Problem description »
Return, word for word, every line starting at the line with "موقعیت مکانی" and ending at the final line of the entries; skip the pictures.

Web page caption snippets
- - - - - - -
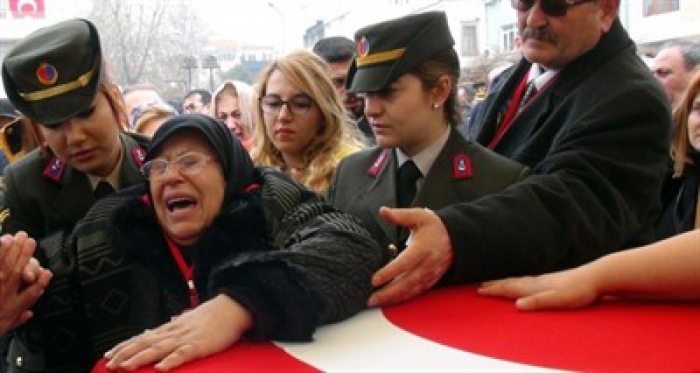 Hain sanılmıştı! Bugün cenazesi şehitliğe taşındı!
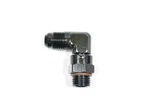 499206-BL Fragola -6 An Male To O-ring 90 Degree Low Profile Fitting Black. Fixed Price $18.99.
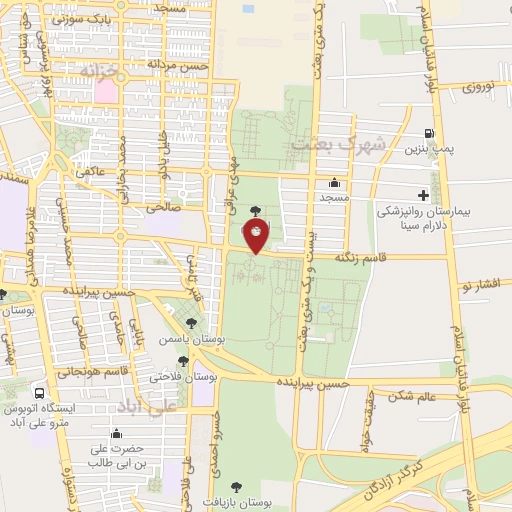 موقعیت مکانی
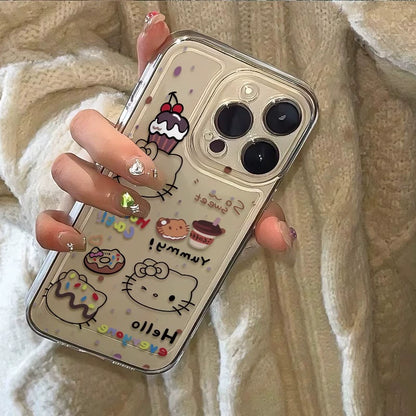 Transparent Hello Kitty Case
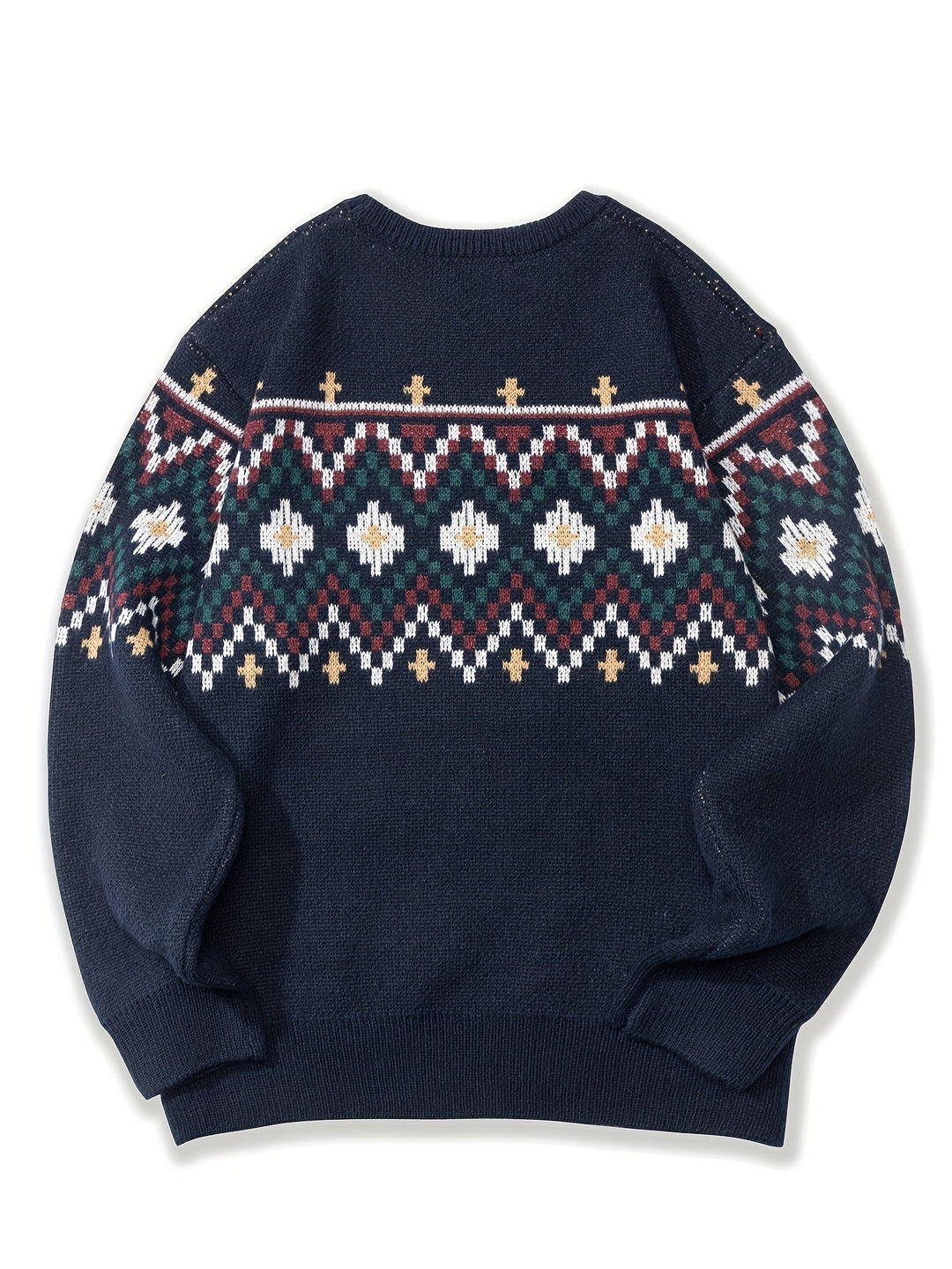 Heritage Patterned Sweater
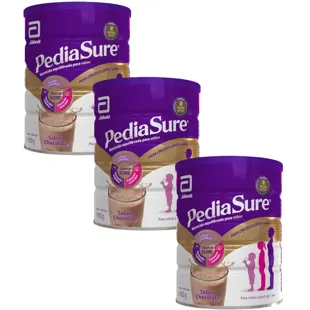 Pediasure Sabor Chocolate 3x850 gr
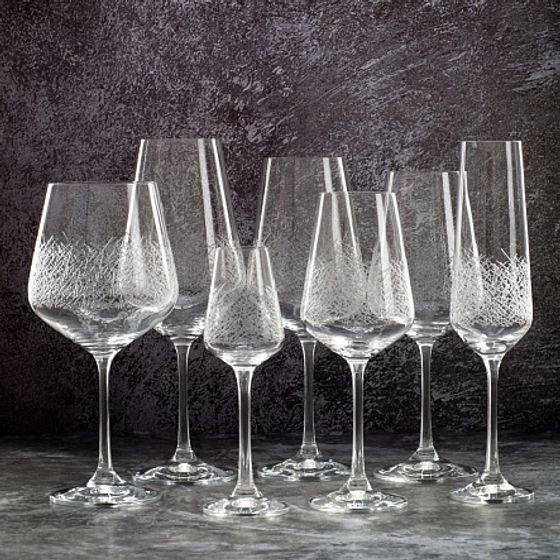 Набор бокалов для вина SANDRA Blizzard 6шт 250мл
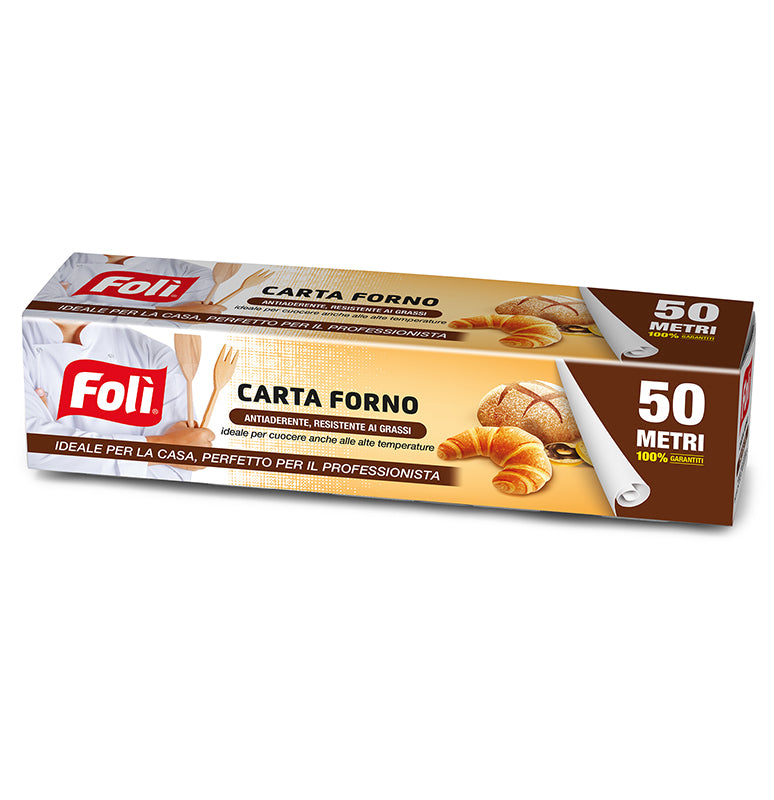 FOLI ROTOLO CARTA FORNO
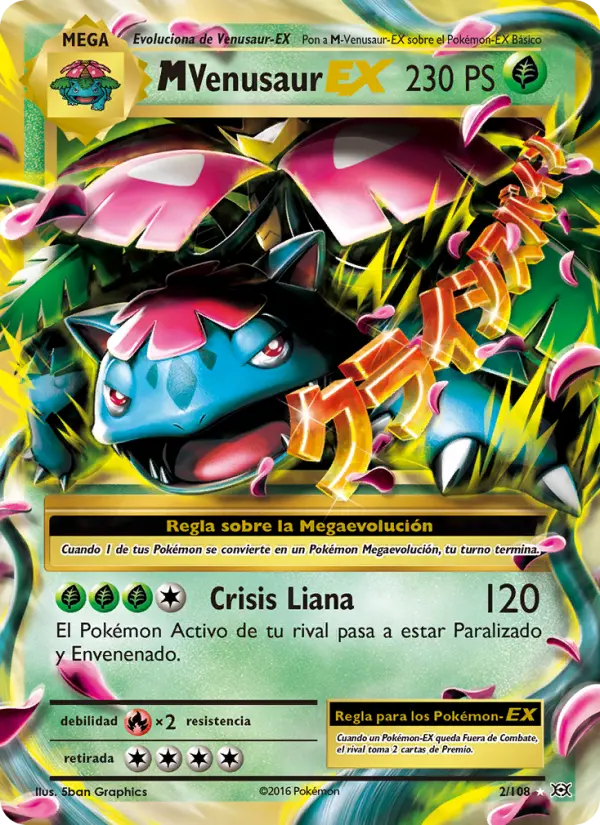 M Venusaur EX
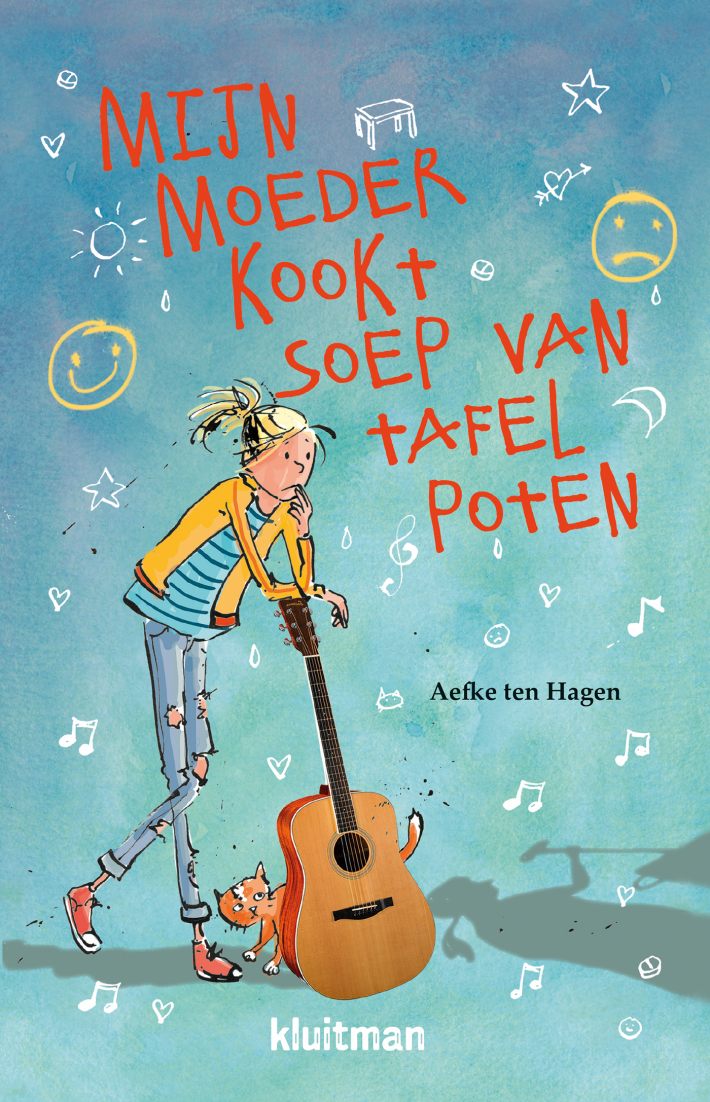 Mijn moeder kookt soep van tafelpoten • Mijn moeder kookt soep van tafelpoten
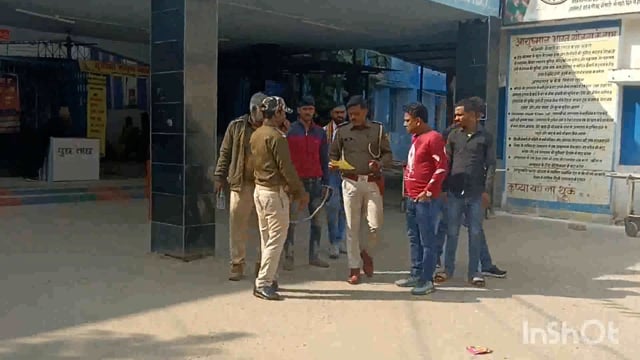 लखीसराय जिले के पिपरिया पुलिस ने गोलीबारी मामले के आरोपी को सदर अस्पताल मेडिकल जांच बाद भेजा गया जेल।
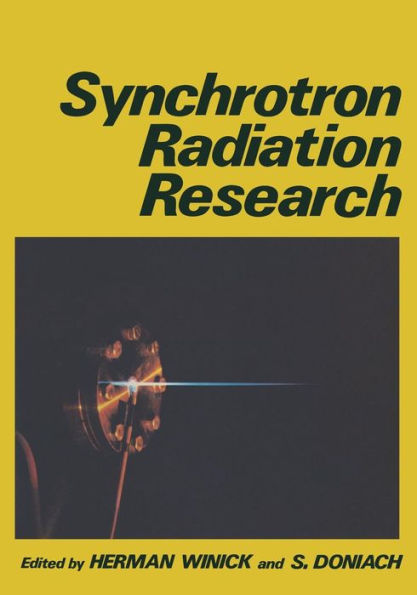 Synchrotron Radiation Research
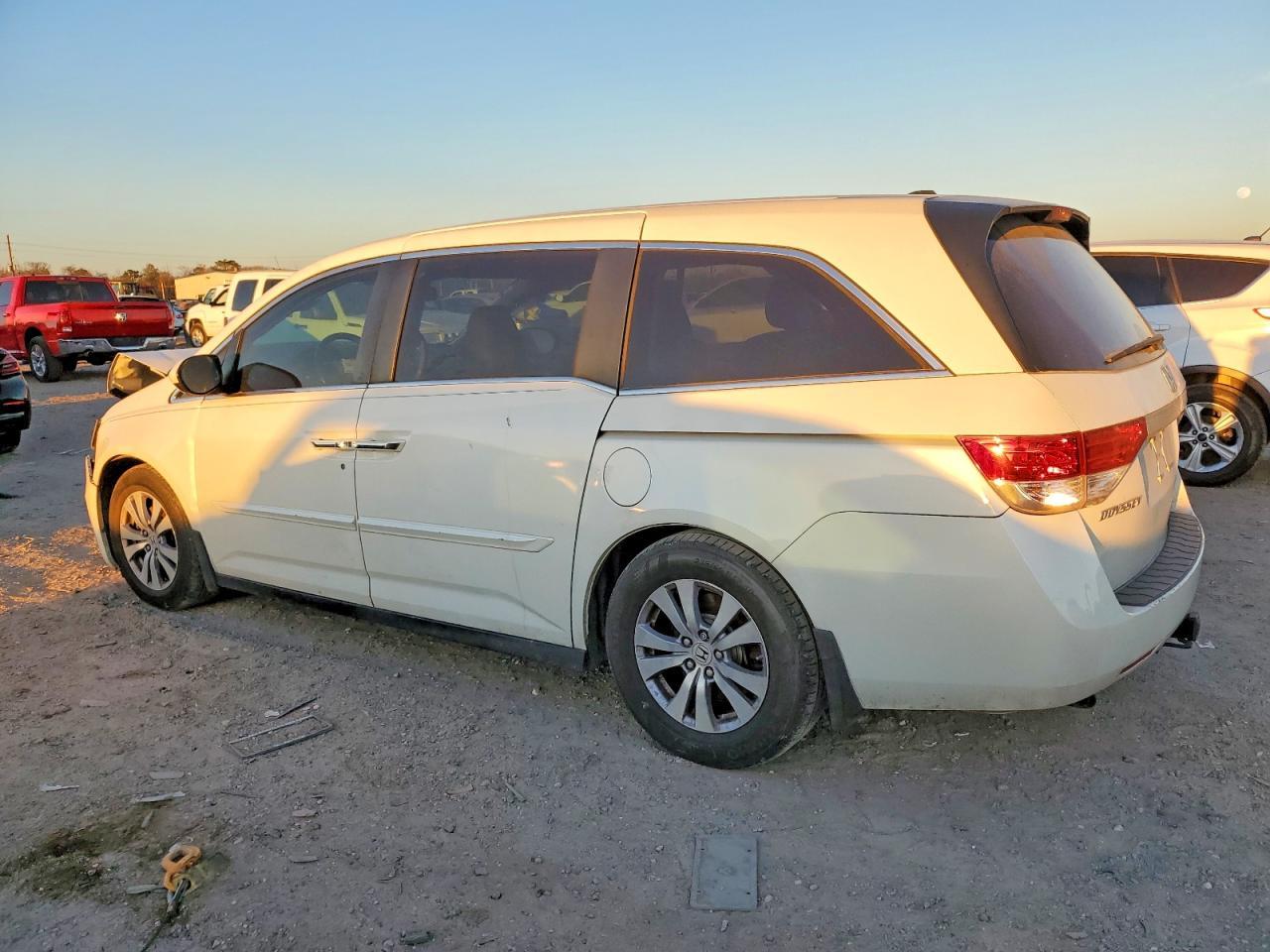 2017 HONDA ODYSSEY
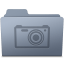 Pictures Folder Graphite icon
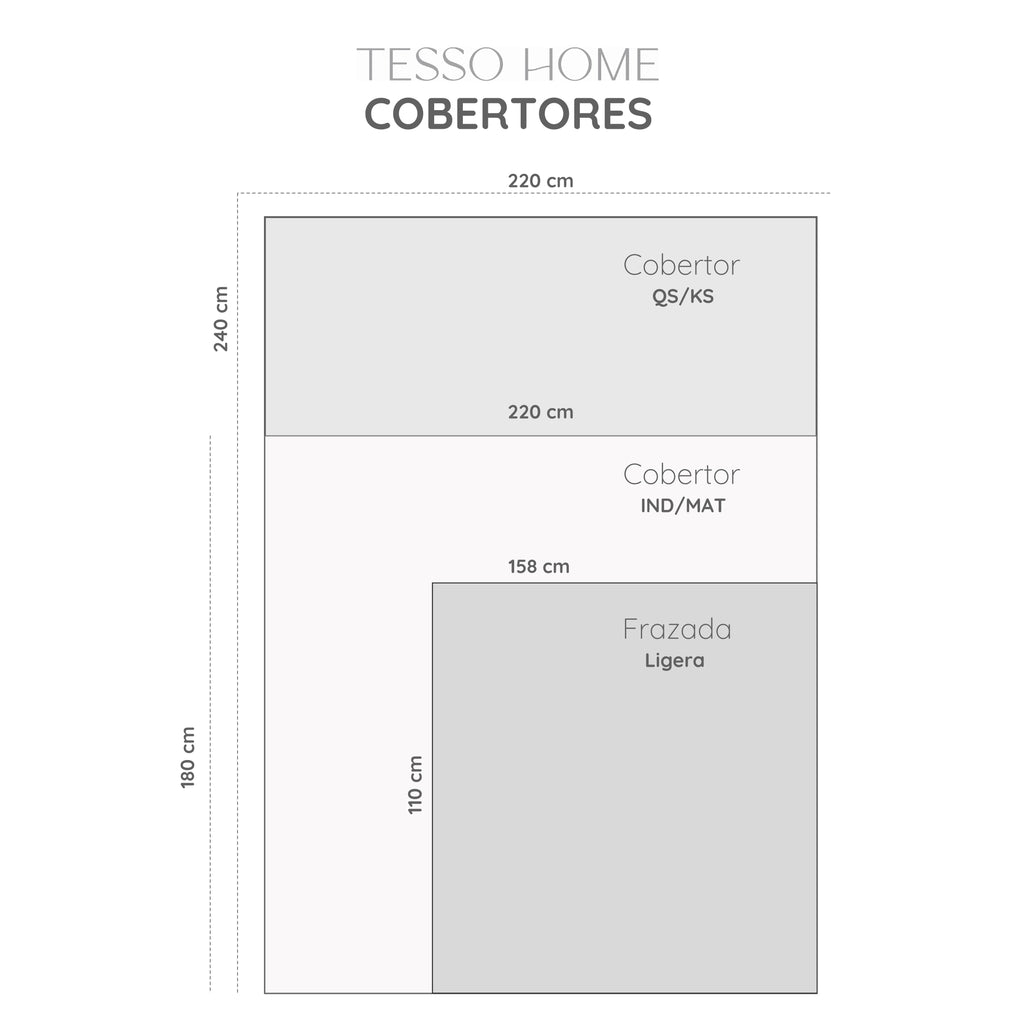 Cobertor Ligero Confort
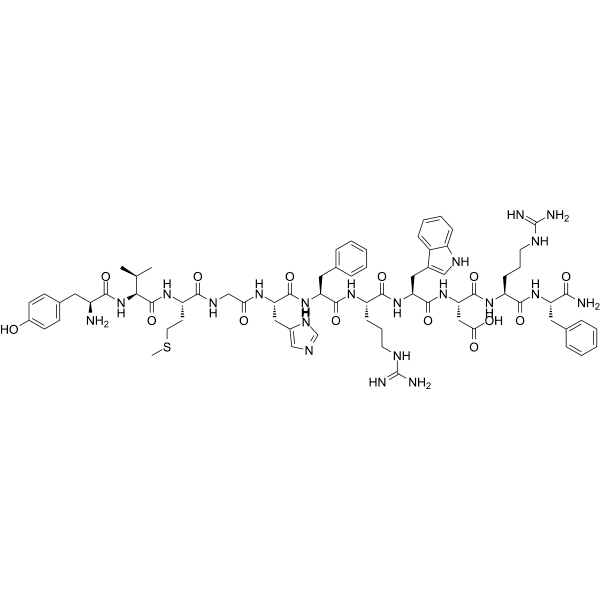 γ-1-Melanocyte Stimulating Hormone (MSH), amide Structure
- - - - - - -
Response to the exercise »
 موقعیت مکانی
 Transparent Hello Kitty Case
 Heritage Patterned Sweater
 Pediasure Sabor Chocolate 3x850 gr
 Набор бокалов для вина SANDRA Blizzard 6шт 250мл
 FOLI ROTOLO CARTA FORNO
 M Venusaur EX
 Mijn moeder kookt soep van tafelpoten • Mijn moeder kookt soep van tafelpoten
 लखीसराय जिले के पिपरिया पुलिस ने गोलीबारी मामले के आरोपी को सदर अस्पताल मेडिकल जांच बाद भेजा गया जेल।
 Synchrotron Radiation Research
 2017 HONDA ODYSSEY
 Pictures Folder Graphite icon
 Cobertor Ligero Confort
 γ-1-Melanocyte Stimulating Hormone (MSH), amide Structure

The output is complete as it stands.